The second day of Ride Canada Part 2 travels from Banff to Waterton Lakes National Park, and more specifically the town of Waterton.  The ride is estimated to take 6 hours excluding any stops for sightseeing, food, and gas.  An early start is highly encouraged for an unhurried ride through some of the best backroads in Alberta and British Columbia.

Route map
Map data ©2024 Google. Route from Banff to Waterton Alberta.

Leave Banff on Trans-Canada Highway 1 back-tracking west toward Lake Louise.  Continue on Highway 1 past the junction with Bow Valley Parkway and then take the exit to Alberta Highway 93 toward Radium Hot Springs.  The ride on Highway 93 crosses from Alberta into British Columbia almost immediately and continues in BC until crossing back at Crowsnest Alberta.

Every mile on 93 seems filled with majestic mountain scenery.  Not even the surrounding forest can hide the tall peaks.  Closer to the road, the Kootenay River pops in and out of view as it meanders west of the roadway.  The road itself is not particularly twisty, but has enough curves to keep the riding fun.  The section between the Cobb Lake Trailhead pullout and the town of Radium Springs is full of sweeping turns. 

Near the British Columbia and Alberta border, the highway crosses the Continental Divide in several places.  One crossing points is at Vermilion Crossing where Kootenay National Park begins.  Consider pulling into the Kootenay Park Lodge for more information about the park and surrounding area.


Follow Highway 93, now BC-93, past the town of Radium Springs and on to Elko British Columbia.   From Elko, stay on Highway 3, the Crowsnest Highway, heading east.  The road winds through more Canadian forest passing lakes and paralleling rivers as it goes.  The ride can be as relaxing or thrilling as one’s mood suggests.

Exit Highway 3 at Pincher Station onto BC Highway 6 southbound and then onto BC-5 toward Waterton. The short ride on Highway 6 provides a glimpse into the lush plains that stretch east into Alberta from the Rocky Mountains.   

Arrive in the town of Waterton, once again nestled among the Canadian Rocky Mountains.  Waterton National Park in Alberta and Glacier National in Montana form what is essentially one continuous park, but with each managed by their respective national park services. 

Prince of Wales Hotel Alberta
The Prince of Wales Hotel is the most recognized landmark in Waterton. Photo © American Sport Touring.

Take a moment to walk through the small town of Waterton and make a stop in the Waterton Lakes National Park visitor center located there.  One of the most remarkable sights in Waterton is the historic Prince of Wales Hotel.  This seven story hotel stands prominently on a bluff overlooking the lakes.  Built in 1927, this grand building is the only railway hotel in Canada built by a US company.   
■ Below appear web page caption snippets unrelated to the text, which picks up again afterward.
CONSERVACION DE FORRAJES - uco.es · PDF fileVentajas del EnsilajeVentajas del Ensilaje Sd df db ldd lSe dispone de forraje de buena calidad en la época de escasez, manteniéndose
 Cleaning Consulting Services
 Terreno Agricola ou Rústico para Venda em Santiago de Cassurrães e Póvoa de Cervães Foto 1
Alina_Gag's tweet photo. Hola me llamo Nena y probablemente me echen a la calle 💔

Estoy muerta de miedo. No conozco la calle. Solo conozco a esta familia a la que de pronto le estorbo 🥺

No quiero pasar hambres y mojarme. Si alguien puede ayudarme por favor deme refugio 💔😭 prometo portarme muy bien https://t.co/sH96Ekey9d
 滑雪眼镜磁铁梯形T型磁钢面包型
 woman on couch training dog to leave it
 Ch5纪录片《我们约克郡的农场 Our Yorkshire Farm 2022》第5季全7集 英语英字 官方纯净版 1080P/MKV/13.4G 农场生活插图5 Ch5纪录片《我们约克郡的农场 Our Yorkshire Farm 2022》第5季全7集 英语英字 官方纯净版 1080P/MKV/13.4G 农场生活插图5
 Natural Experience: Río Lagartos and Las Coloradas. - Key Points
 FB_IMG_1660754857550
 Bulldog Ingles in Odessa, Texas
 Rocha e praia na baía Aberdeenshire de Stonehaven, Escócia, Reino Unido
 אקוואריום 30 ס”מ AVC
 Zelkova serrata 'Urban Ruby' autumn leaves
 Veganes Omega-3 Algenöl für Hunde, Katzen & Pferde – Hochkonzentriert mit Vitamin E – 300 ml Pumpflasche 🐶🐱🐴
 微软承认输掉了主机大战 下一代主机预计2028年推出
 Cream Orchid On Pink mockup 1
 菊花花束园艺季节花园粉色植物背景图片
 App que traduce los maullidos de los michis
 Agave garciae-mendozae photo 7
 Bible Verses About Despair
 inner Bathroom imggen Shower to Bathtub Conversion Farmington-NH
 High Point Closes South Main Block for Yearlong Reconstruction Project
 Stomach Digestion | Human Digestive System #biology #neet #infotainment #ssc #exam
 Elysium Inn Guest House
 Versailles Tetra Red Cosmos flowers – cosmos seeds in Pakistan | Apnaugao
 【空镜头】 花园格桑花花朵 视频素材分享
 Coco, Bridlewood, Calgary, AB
Two Days in the Rockies Canadian Style

Ride Canada Part 2 was all about making the most of Canada’s Rocky Mountain roads and all the sights along the way.  The scenic Icefields Parkway, Athabasca Glacier, Lake Louise, and the Prince of Wales Hotel all stand out against a backdrop of overwhelming unspoiled alpine scenery. 

Motorcycle riders
The next leg of the tour rides to Lake McDonald in Glacier National Park via historic Going to the Sun Road. Photo © American Sport Touring.

The next and final segment of this tour, Part 3, takes us back into the US through Glacier National Park to Lake McDonald and then on to Seattle along a choice of three distinctly different routes.  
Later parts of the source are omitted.